If you are going to do reclassification, especially with your fines and e-cat, then you can choose between many different options. However, it is important to plan it in advance. We are currently reloading with our e-cat at our Coffeyville refinery, and we have managed to plan that well in advance. We set back the catalyst we need. If your average particle size is high compared to your minimum fluidization velocity for startup, you will have to blend that with some smaller particles; not necessarily the zero-to-20, but maybe somewhere in the 40 to 60 range, depending on the condition of your e-cat. Again, each unit is different. You have to plan for this. 

 

 

It can be as simple as reclassifying your third-stage or your ESP fines, but you also may need to do more, such as dumping your third stage and ESP fines into your bulk e-cat and sending it to your reclassifying vendor. Or you could set those aside and do them separately. There are quite a few different options available. What works best for you depends on which particles you actually need. 

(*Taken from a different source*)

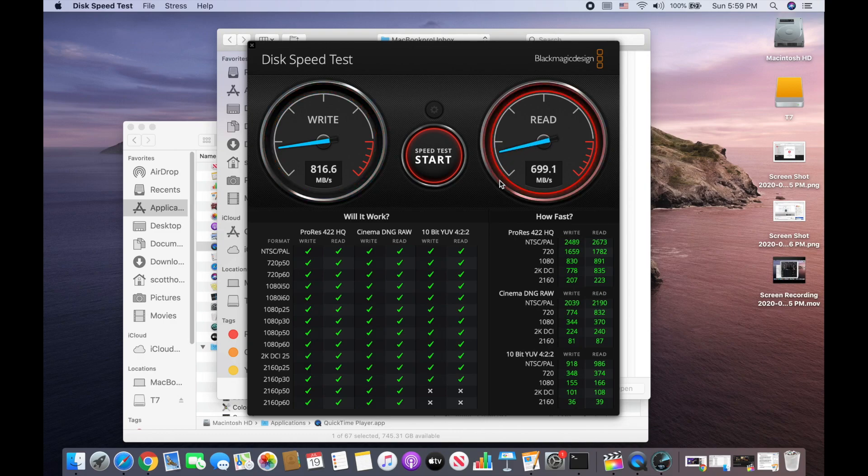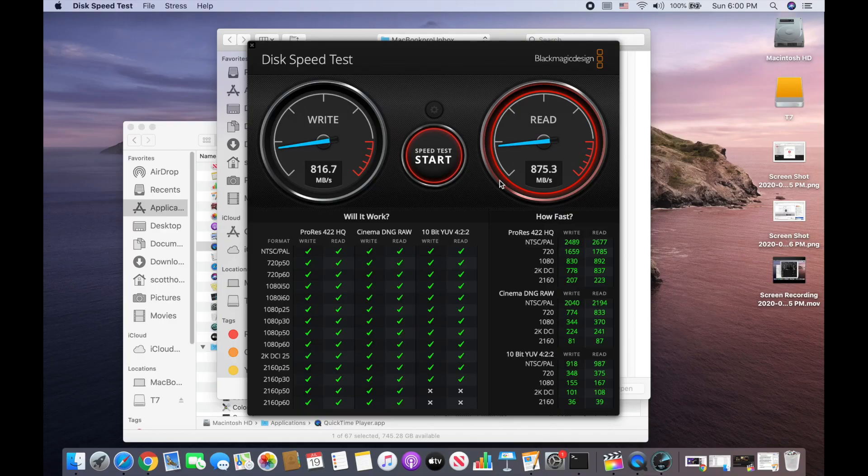Thunderbolt is moving data pretty nicely here — it's really rocking it, I'm pretty pleased. I think I'm going to hold on to this. I'm glad I didn't settle for the old T5. I did some product reviews, saw the T7 performance online, and thought it was worth the extra $30 to $40. A one terabyte unit was on a great sale at Best Buy — I got it for $30 off, so $169. Look at that performance for an external hard drive. I think I've found a new drive for my audio and video clips, going portable and freeing up space on my local computer, thanks to the Samsung T7 with one terabyte and USB-C 3.2 Generation 2.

Again, a typical approach is collecting your third-stage or ESP fines and dumping that into your e-cat, running it through a re-classifier, and then rejecting the particles that are typically rejected by the unit. The ESP fines either come out in the flue gas or in your main column bottoms, such as a zero-to-20 cut on your combined e-cat fines plus your e-cat. That is one option; there are probably many more alternatives, depending on your needs. 

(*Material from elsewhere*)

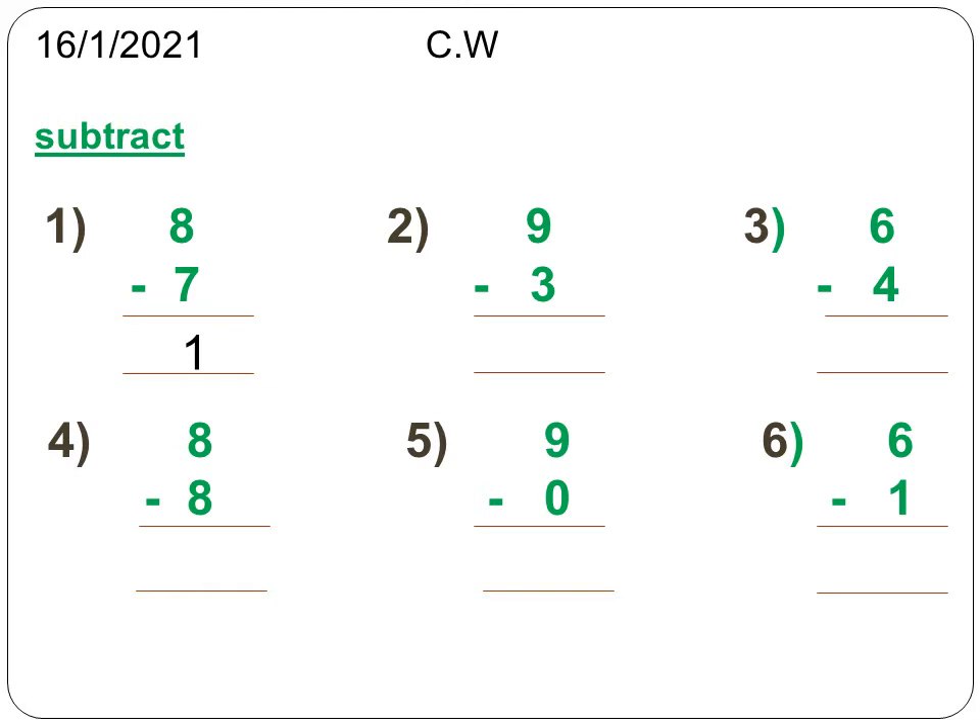Take away 3 fingers. What's the answer? It is 6. 9 minus 3 is equal to 6. 6 is the difference. Next, 6 minus 4. Leave 6 fingers and take away 4 fingers. What's the answer? It is 2. The difference is 2.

We are looking at reclassification itself because some folks are starting to do that for a normal operation. The idea of removing the fines material and finest-generating material before it comes into the unit is a highly desired effect. Units struggle with loss problems. I think we have all done that at one time or another. Removing that material before it goes into the unit can also help units that have experienced high losses. It actually do damage to the downstream equipment, slurry pumps, slurry piping, and flue gas system and causes flue gas cooler erosion, expander erosion, and overloaded ESPs. There are a lot of great reasons to remove that high fines material from your catalyst. 

Emissions can also be decreased, which was a highlight for us. Our interest in this option was sparked when we did our stack test. Reclassification did great, and we managed to do the testing without ammonia injection or pass on our ESP. We were close enough that in the future, or with different regulations, we may end up having to take some other actions, part of which may include reclassification. 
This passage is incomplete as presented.